The survey polled 1,002 US students graduating college in 2015 as well as 1,001 graduates from 2013 and 2014. Conducted online in March, the survey revealed that:

  • The Expectation: Only 15 percent of the class of 2015 expects to make $25,000 or less after graduating
  • The Reality: Around 41 percent of the classes of 2013 and 2014 were earning $25,000 or less after graduating
  • The Expectation: Approximately half of the class of 2015 expects to make $40,000 or more in their first job after graduating
  • The Reality: Only a quarter of the classes of 2013 and 2014 were earning that much in their first jobs

Katherine LaVelle, a managing director at Accenture Strategy, stated that 21 percent of the classes of 2013 and 2014 work on a part-time basis. This is because they could only secure part-time jobs or because they opted for part-time employment. Therefore, it is likely that the average salary for graduates working on a full-time basis might be much higher.

Class of 2015 Better Prepared than Its Predecessors for the Job Market

On the upside, the survey revealed that the class of 2015 was much better prepared for the job market than the class of 2014. For instance, the Accenture survey revealed that:

  • About 72 percent of the class of 2015 held internships while in school, as compared to 65 percent of the graduating class of 2014
  • Approximately 82 percent of graduates from the class of 2015 said they decided on a major after considering the availability of jobs, as opposed to 75 percent of graduates from the class of 2014 and 69 percent of graduates from the class of 2013
  • In addition, 28 percent of the class of 2015 has majored in Science, Tech, Engineering and Math (or STEM fields) as opposed to 26 percent of graduates from the classes of 2013 and 2014

LaVelle believes that the class of 2015 typically comprises individuals who grew up in the midst of the financial crisis and entered college as the economic recovery began to take place. Therefore, getting their timing right has helped these individuals to assess the ground realities at a critical time in their careers.

Underemployment on the Rise Among Young College Graduates

Emily Peck reports that job prospects for college graduates has been in a bad shape for a fairly long time. Data from the Economic Policy Institute shows that the average college graduates, between 21 and 24 years of age, earns just under $18 per hour (or $36,000 per year). Yet, trends reveal that the hourly pays for graduates has slipped from $18.41 per hour in 2000 to $17.94 per hour at present.

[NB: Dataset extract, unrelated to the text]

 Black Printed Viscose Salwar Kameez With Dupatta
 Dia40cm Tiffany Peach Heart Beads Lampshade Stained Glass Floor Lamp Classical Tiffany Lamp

Peck also mentions that the unemployment rates for young college graduates was 8.5 percent in 2014, but the underemployment rate was nearly double that figure. This is because several college graduates end up working in jobs that do not require a degree. For instance, several college graduates work as baristas in coffee shops today. Interestingly, the Accenture survey highlights that 49 percent of graduates from the classes of 2013 and 2014 consider themselves underemployed.

Starting Salaries for Class of 2015 Expected to be Better than Starting Salaries for Class of 2014

A recent report by Kelli B Grant mentioned that starting salaries for new college graduates are climbing. Referring to a survey of 2,175 hiring managers by CareerBuilder.com, Grant mentions that:

  • About 26 percent of hiring managers said that they planned to offer starting salaries under $30,000
  • Another 26 percent of hiring managers said that they planned to offer at least $50,000

Grant also mentions that class of 2015 could look forward to an average starting salary of $62,998. This figure comes from initial estimates of a survey of 316 employer members of the National Association of Colleges and Employers. In comparison, an association salary survey of 45,370 graduates from the class of 2014 computed their average starting salary amounted to $48,127.

The difference in starting salaries from their predecessors will certainly come as a shot in the arm for the class of 2015. However, they would do well to note that these figures are merely averages. Until they secure a job offer, they will not be able to feel comfortable about the situation they find themselves in at present. This is because the tag of being the most indebted class can be heavy to bear. The only way they can rid themselves of this cumbersome yoke is by securing gainful employment. Their moment of truth is at hand.